Deux sœurs au musée. Marion en contemplation, béate devant les danseuses à la barre d’entraînement. Margot détourne la tête, indifférente à la grâce et la beauté. Indifférente ? Non, plutôt songeuse, triste, déçue. Un sentiment d’échec qui ne la quitte jamais. Marion a beau lui dire que l’on ne construit pas sa vie sur des échecs et des regrets, elle ne parvient pas à prendre de bonnes résolutions, à se projeter en avant, ni à trouver en elle le bonheur d’être en vie et d’avoir des envies. Elle se remémore leur petite enfance et les beaux projets échafaudés par leurs parents réalisant que leurs filles étaient souples comme des lianes et s’amusaient énormément et tout naturellement à animer les réceptions familiales en dansant. Sur la pointe des pieds, avec une allure tellement gracile et des gestes si gracieux qu’il était évident que ces petites seraient danseuses classiques.
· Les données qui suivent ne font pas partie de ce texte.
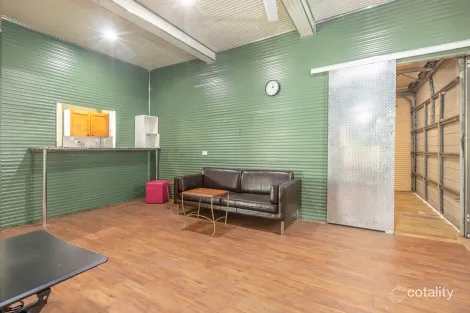 Property photo of 15 Marshall Road Rocklea QLD 4106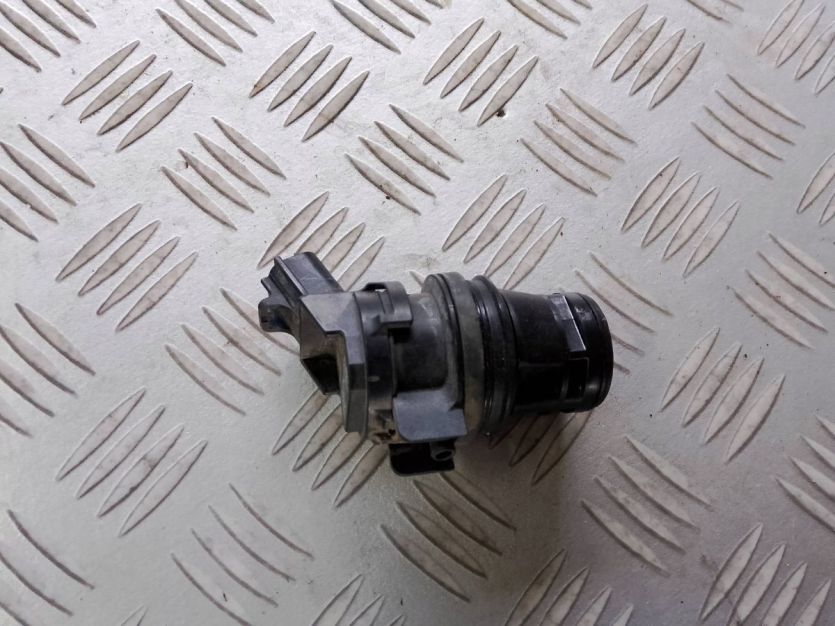 TOYOTA RAV 4 III SILNICZEK POMPKA ZBIORNIKA SPRYSKIWACZY 85330-71010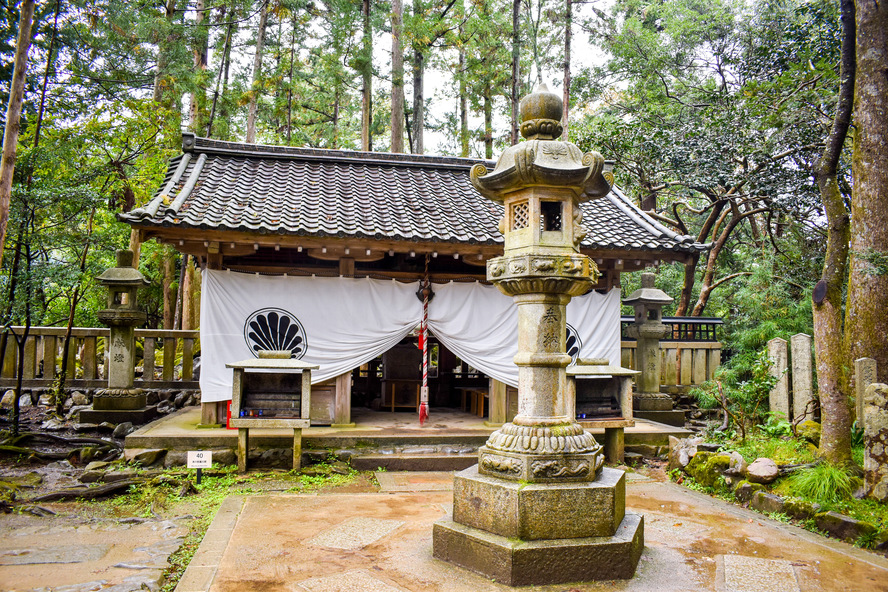 鞍馬寺の見どころとパワースポット_奥の院参道-奥の院（魔王殿）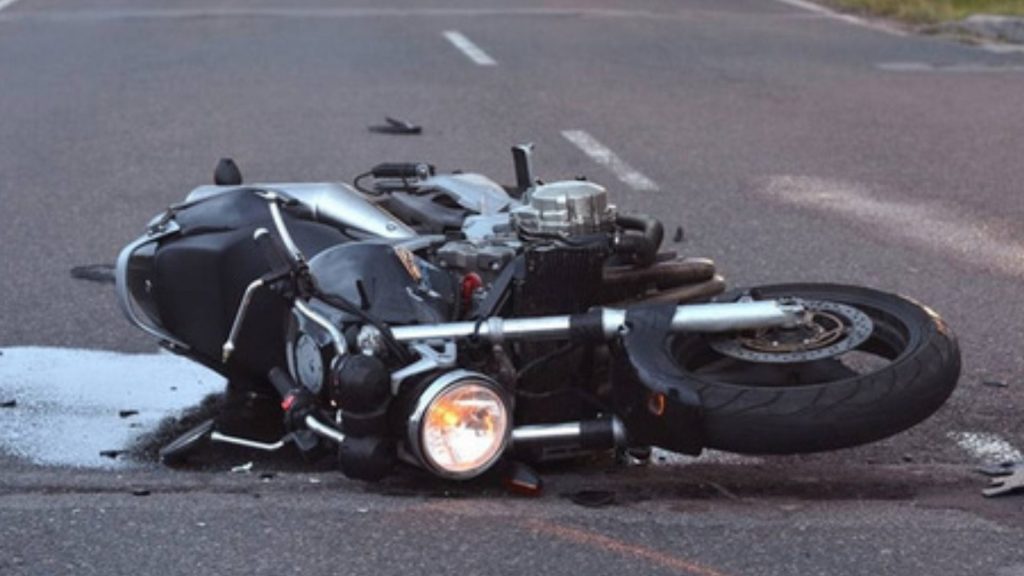 Niño de dos años pierde la vida tras se embestido por motocicleta en Santiago Oeste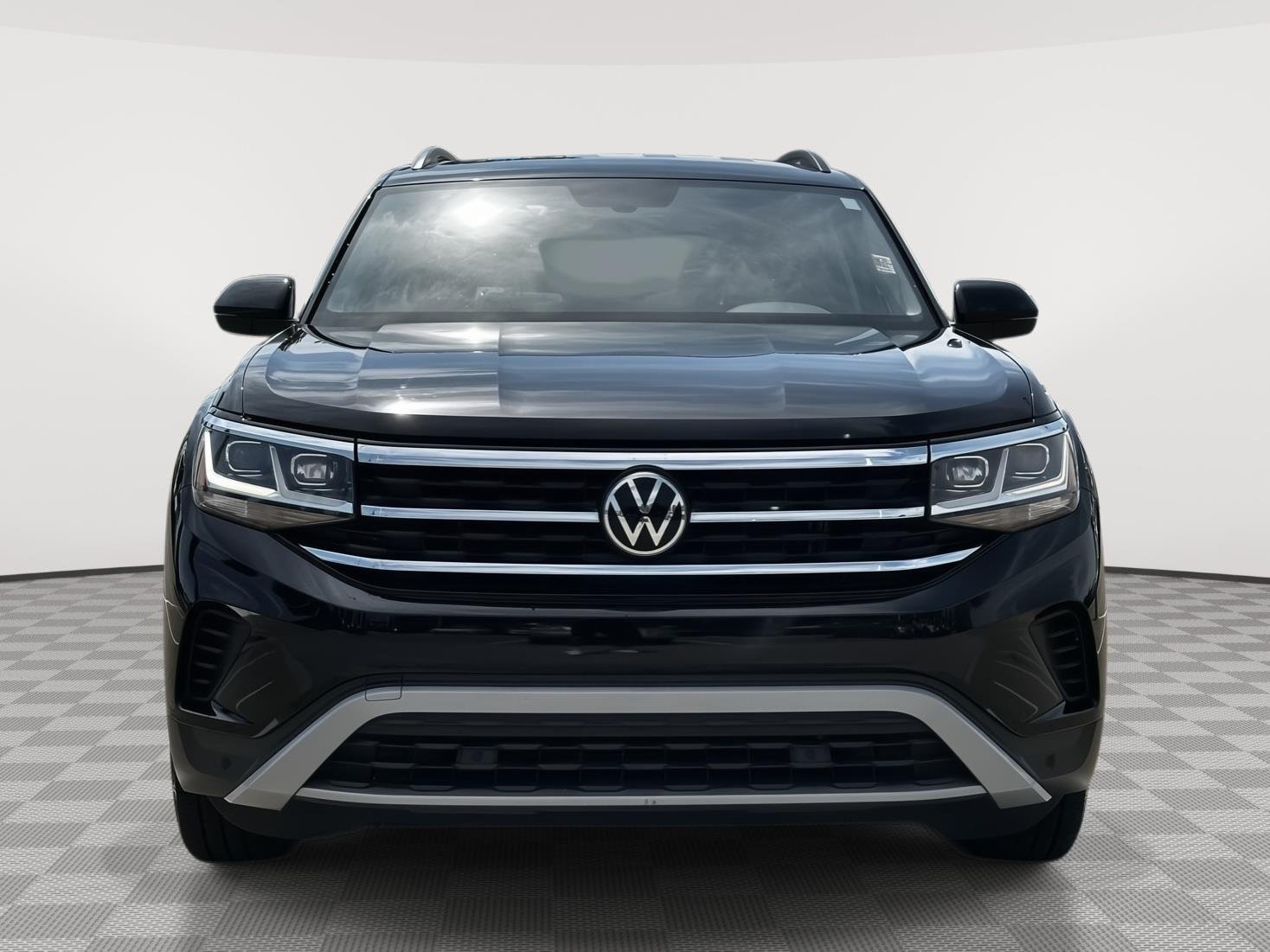 Used 2021 Volkswagen Atlas SE w/Tech with VIN 1V2HR2CA7MC515380 for sale in Kansas City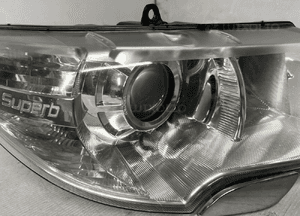 Skoda Superb II lampa prawy przód UK 3T2941016C 3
A l’âge de six ans, elles intègrent l’école de danse classique de Lyon, progressent rapidement et font la fierté de leurs parents. De bonnes élèves pour lesquelles les termes de travail à la barre, au milieu, la révérence, les pliés et les dégagés n’ont plus de secret.

Hélas, la vie n'est pas une courbe lisse mais parfois un chemin semé d’épines, d’embûches, de trous et de bosses. Un accident dramatique prive Margot de l’usage de ses jambes. De longs mois durant. Elle doit se plier à une rééducation intense et douloureuse. Ses muscles ont fondu et elle a beaucoup grandi par rapport à Marion qui n'a pas le cœur à retourner seule aux cours de danse. Ce sera elles deux ou aucune d’elles.

Margot va mieux, elle remarche mais c’en est fini de la danse classique. Va-t-elle relativiser un jour ? Se dire que d’avoir récupéré son autonomie est une chance inouïe ? Se dire que la vie ne va pas en arrière ni ne s’attarde avec hier ? La sage et patiente Marion va s'y employer de toutes ses forces.